L’amniocentèse

L’amniocentèse est un procédé médical qui consiste à prélever un peu du liquide amniotique, où baigne le fœtus durant la grossesse, pour effectuer des examens prénataux. Le principal objectif est de détecter une éventuelle trisomie 21 mais on peut aussi voir si le fœtus ne développe pas d’autres maladies génétiques.

À quel moment procéder à l’amniocentèse ?

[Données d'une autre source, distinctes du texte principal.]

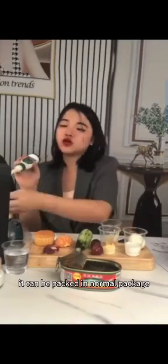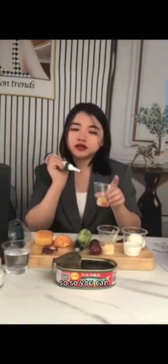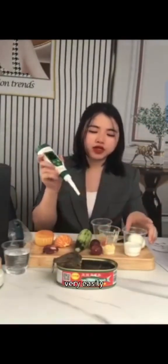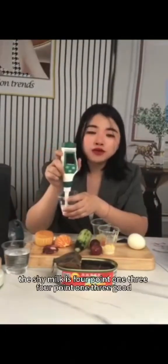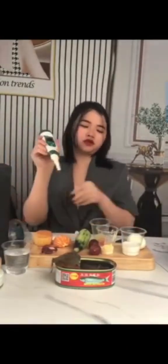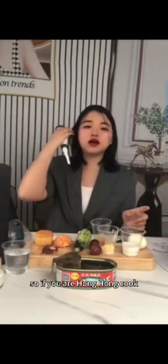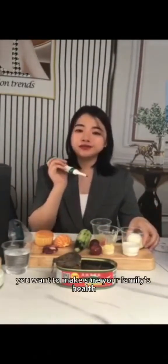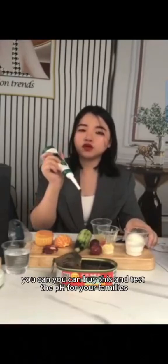Because jelly is highly acidic, it can be packed in normal packaging — it doesn't need to be in a sealed can. Now the soy milk is 4.13. You can see you can test water, milk, and drinking water with this meter. If you are a home cook and want to make sure your family's health, you can buy this and test the pH for your family.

Il faut savoir que l’amniocentèse n’est recommandée que si les risques d’avoir un enfant anormal sont élevés. Par exemple si la mère est déjà à un âge avancé, ou si l’on soupçonne des anomalies chromosomiques chez le fœtus. L’amniocentèse se fait généralement à partir de la quinzième semaine d’aménorrhée. Le médecin prélève le liquide à l’aide d’une très longue et très fine aiguille. Pour ne pas risquer de toucher le fœtus, il faut prendre compte de la position du placenta qui, si mal positionné, peut repousser la date de l’examen. Bien que celui-ci nécessite une minutie extrême, il ne dure que quelques minutes.

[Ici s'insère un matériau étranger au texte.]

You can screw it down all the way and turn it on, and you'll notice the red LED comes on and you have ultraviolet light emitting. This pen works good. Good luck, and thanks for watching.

Les résultats sont obtenus au bout de trois semaines et cette attente est le moment le plus éprouvant pour les futurs parents. Cela dit, au bout de quarante-huit heures, il est déjà possible de savoir si l’enfant est atteint de trisomie 21 ou pas. Les trois semaines sont nécessaires pour établir la carte génétique (caryotype) c’est-à-dire le comptage et l’analyse des chromosomes du fœtus.

Quels sont les risques de l’amniocentèse ?

Le prélèvement du liquide amniotique peut entraîner une fausse couche, mais le pourcentage d’en arriver là est assez mince, à savoir 0,5 % à 1 %. À cela s’ajoutent les risques occasionnés par l’âge avancé de la mère. Pour pallier à tous ces problèmes, les chercheurs tentent de remplacer le prélèvement par une simple prise de sang. Et bien que la quantité de cellules fœtales qui circulent dans le sang de la mère soit très minime, ils ont réussi à les isoler, et l’analyse et la dissection de ces cellules ont permis de confirmer la présence de génome fœtal. Cela permet de mettre en évidence les mutations sur les chromosomes et par la même occasion la détection des anomalies comme la trisomie 21.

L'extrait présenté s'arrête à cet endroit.